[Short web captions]
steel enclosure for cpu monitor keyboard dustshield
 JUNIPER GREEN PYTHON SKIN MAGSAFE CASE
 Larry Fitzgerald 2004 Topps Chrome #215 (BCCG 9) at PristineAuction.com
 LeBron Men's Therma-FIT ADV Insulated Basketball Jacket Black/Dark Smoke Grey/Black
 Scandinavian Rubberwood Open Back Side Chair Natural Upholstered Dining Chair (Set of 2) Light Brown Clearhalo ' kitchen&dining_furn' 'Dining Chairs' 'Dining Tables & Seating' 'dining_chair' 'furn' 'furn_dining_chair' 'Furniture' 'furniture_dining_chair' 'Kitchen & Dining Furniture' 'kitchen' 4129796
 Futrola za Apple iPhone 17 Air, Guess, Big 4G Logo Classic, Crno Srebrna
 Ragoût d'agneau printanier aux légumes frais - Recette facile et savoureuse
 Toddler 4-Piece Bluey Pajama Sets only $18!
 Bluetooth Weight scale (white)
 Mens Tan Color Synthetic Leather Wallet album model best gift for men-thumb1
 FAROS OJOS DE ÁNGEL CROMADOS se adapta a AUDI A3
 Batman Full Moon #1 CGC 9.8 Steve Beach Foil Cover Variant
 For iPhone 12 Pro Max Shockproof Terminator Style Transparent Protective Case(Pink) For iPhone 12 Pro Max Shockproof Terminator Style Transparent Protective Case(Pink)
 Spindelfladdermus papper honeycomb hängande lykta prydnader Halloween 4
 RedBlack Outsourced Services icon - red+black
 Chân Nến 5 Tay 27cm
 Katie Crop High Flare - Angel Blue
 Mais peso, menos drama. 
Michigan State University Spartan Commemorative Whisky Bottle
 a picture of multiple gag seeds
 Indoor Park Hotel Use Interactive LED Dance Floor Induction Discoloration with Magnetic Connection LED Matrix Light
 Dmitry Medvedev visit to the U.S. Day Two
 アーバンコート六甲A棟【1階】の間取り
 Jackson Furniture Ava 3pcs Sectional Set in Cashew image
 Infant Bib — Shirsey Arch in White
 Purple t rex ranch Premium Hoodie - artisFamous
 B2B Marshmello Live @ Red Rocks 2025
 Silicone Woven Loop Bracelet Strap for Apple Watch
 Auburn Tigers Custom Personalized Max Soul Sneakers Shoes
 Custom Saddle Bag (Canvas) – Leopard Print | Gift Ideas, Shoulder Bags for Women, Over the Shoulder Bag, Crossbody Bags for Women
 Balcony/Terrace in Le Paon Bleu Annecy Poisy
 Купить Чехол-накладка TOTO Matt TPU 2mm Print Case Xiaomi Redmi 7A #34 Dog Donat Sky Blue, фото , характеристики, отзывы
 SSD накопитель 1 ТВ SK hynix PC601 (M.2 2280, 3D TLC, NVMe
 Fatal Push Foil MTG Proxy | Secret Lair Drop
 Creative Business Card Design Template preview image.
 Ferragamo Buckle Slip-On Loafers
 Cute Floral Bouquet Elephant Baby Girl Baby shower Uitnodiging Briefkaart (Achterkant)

→ **TASK INSTRUCTIONS**: The records above need to be retyped in full, exactly as they stand.

→ **EXPECTED OUTPUT**:
steel enclosure for cpu monitor keyboard dustshield
 JUNIPER GREEN PYTHON SKIN MAGSAFE CASE
 Larry Fitzgerald 2004 Topps Chrome #215 (BCCG 9) at PristineAuction.com
 LeBron Men's Therma-FIT ADV Insulated Basketball Jacket Black/Dark Smoke Grey/Black
 Scandinavian Rubberwood Open Back Side Chair Natural Upholstered Dining Chair (Set of 2) Light Brown Clearhalo ' kitchen&dining_furn' 'Dining Chairs' 'Dining Tables & Seating' 'dining_chair' 'furn' 'furn_dining_chair' 'Furniture' 'furniture_dining_chair' 'Kitchen & Dining Furniture' 'kitchen' 4129796
 Futrola za Apple iPhone 17 Air, Guess, Big 4G Logo Classic, Crno Srebrna
 Ragoût d'agneau printanier aux légumes frais - Recette facile et savoureuse
 Toddler 4-Piece Bluey Pajama Sets only $18!
 Bluetooth Weight scale (white)
 Mens Tan Color Synthetic Leather Wallet album model best gift for men-thumb1
 FAROS OJOS DE ÁNGEL CROMADOS se adapta a AUDI A3
 Batman Full Moon #1 CGC 9.8 Steve Beach Foil Cover Variant
 For iPhone 12 Pro Max Shockproof Terminator Style Transparent Protective Case(Pink) For iPhone 12 Pro Max Shockproof Terminator Style Transparent Protective Case(Pink)
 Spindelfladdermus papper honeycomb hängande lykta prydnader Halloween 4
 RedBlack Outsourced Services icon - red+black
 Chân Nến 5 Tay 27cm
 Katie Crop High Flare - Angel Blue
 Mais peso, menos drama. 
Michigan State University Spartan Commemorative Whisky Bottle
 a picture of multiple gag seeds
 Indoor Park Hotel Use Interactive LED Dance Floor Induction Discoloration with Magnetic Connection LED Matrix Light
 Dmitry Medvedev visit to the U.S. Day Two
 アーバンコート六甲A棟【1階】の間取り
 Jackson Furniture Ava 3pcs Sectional Set in Cashew image
 Infant Bib — Shirsey Arch in White
 Purple t rex ranch Premium Hoodie - artisFamous
 B2B Marshmello Live @ Red Rocks 2025
 Silicone Woven Loop Bracelet Strap for Apple Watch
 Auburn Tigers Custom Personalized Max Soul Sneakers Shoes
 Custom Saddle Bag (Canvas) – Leopard Print | Gift Ideas, Shoulder Bags for Women, Over the Shoulder Bag, Crossbody Bags for Women
 Balcony/Terrace in Le Paon Bleu Annecy Poisy
 Купить Чехол-накладка TOTO Matt TPU 2mm Print Case Xiaomi Redmi 7A #34 Dog Donat Sky Blue, фото , характеристики, отзывы
 SSD накопитель 1 ТВ SK hynix PC601 (M.2 2280, 3D TLC, NVMe
 Fatal Push Foil MTG Proxy | Secret Lair Drop
 Creative Business Card Design Template preview image.
 Ferragamo Buckle Slip-On Loafers
 Cute Floral Bouquet Elephant Baby Girl Baby shower Uitnodiging Briefkaart (Achterkant)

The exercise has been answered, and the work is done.